Monday, April 15, 2013

DORCAS


Dorcas

By Kathie Anderson Houchens, April 15, 2013

This week’s lectionary readings include the passage in Acts 9:36-43 that recounts the resurrection of Dorcas, also called Tabitha and meaning Gazelle.  Just a couple of weeks after Easter, resurrection is a word that haunts my comprehension.  Yes, I believe, but, Lord, help my unbelief.  This is, to the logical grown-up mind, a great mystery.  Even more so as we watch our friends and acquaintances meet death and leave us wondering, “How can this be?”  Perhaps, once again, it takes the childlike willingness to trust in Truth not yet fully revealed, to trust that in time “when we grow up” we will understand, even embrace the ultimate “Good News.” 

Clear images surface each time the story of Dorcas comes around for me.  I played the part of Dorcas in a church play when I was a child.  I can remember the green and black pattern of the cotton fabric that my grandmother had made into a skirt and a head scarf that I wore.  We took our places in the organ loft at the front left of the sanctuary.  As in the scriptural account there was much loud crying by the “widows” when I fell lifeless to the floor.   The physical involvement created a visceral memory for me as I first “played dead” and then “arose” after “Peter” prayed over me.

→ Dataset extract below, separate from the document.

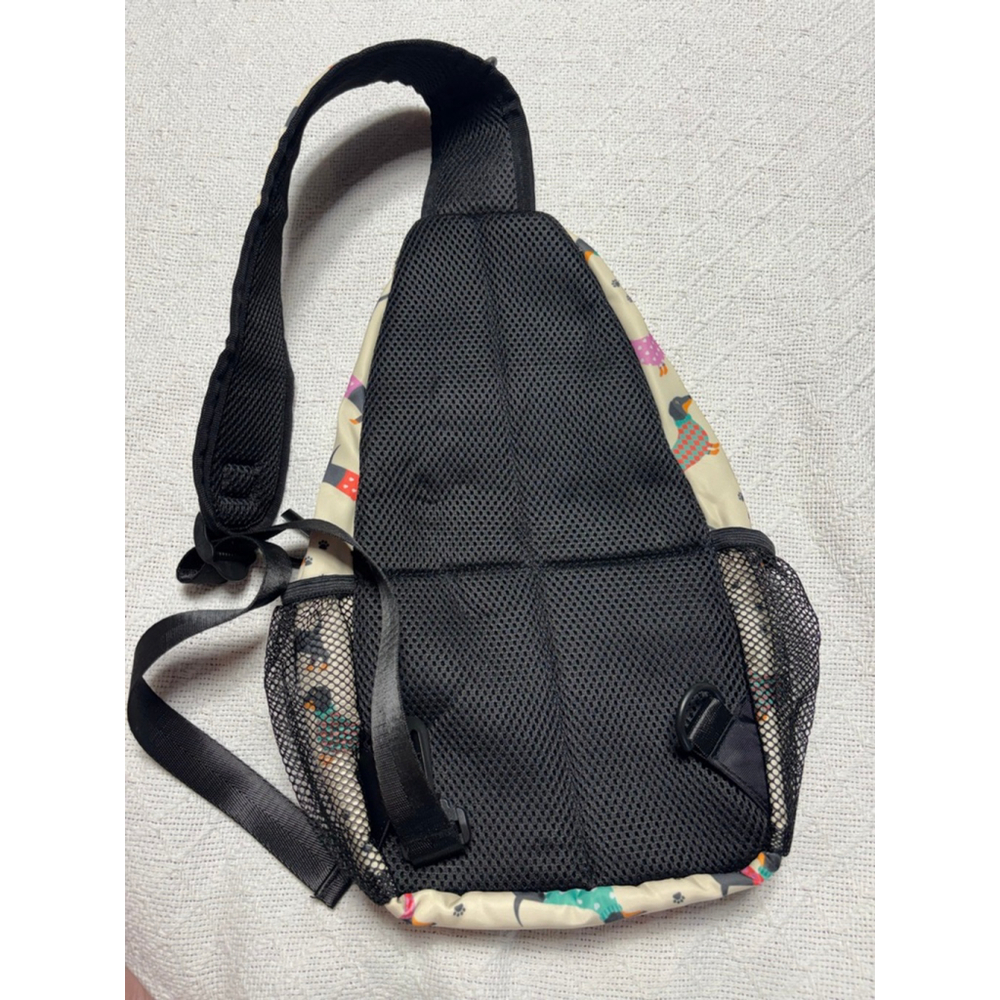 Cream Dachshund Print Sling Bag - Women - Picture 6 of 9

I was probably about nine at the time.  When I was five I had been quite ill with an extended period of fever, strep throat, ear infections, achy joints and other unrelenting symptoms.  I spent months in bed with twice daily visits from our family doctor.  The hushed conversations in the hallway outside my bedroom and then the visits from well-meaning clergy introduced me to the limbo-world of expecting to die.  Friends brought coloring books about missionaries, boxes of little “open one a day” gifts to cheer me, simple embroidery projects and art-oriented games to play in bed.  There were prayers said over me by family and local pastors, and the doting attention of my “Nanny” (maternal grandmother who lived with us, or rather we with her.)  After a long siege of treatments, medicines, and a tonsillectomy (a topic for another day)I was healed!

So the “Dorcas” story cycles into my awareness yet again.  I remember the ease with which I accepted the “resurrection” story as a child; yet I am challenged in my “adult world of thinking” to believe without seeing.  So I return to another childhood memory that has served me well, Psalm 23, also in this week’s lectionary.  So good to have memorized these precious promises…..of goodness and mercy and forever dwelling with LOVE eternal!

I wonder if the rising of Dorcas (who in many ways IS the grandmother who loved so warmly, who sewed so expertly, who baked so deliciously, who shared so generously) happens when I invite those same passions and gifts to expression through me?  Let the Creator keep on creating and bringing us to life anew and renewed.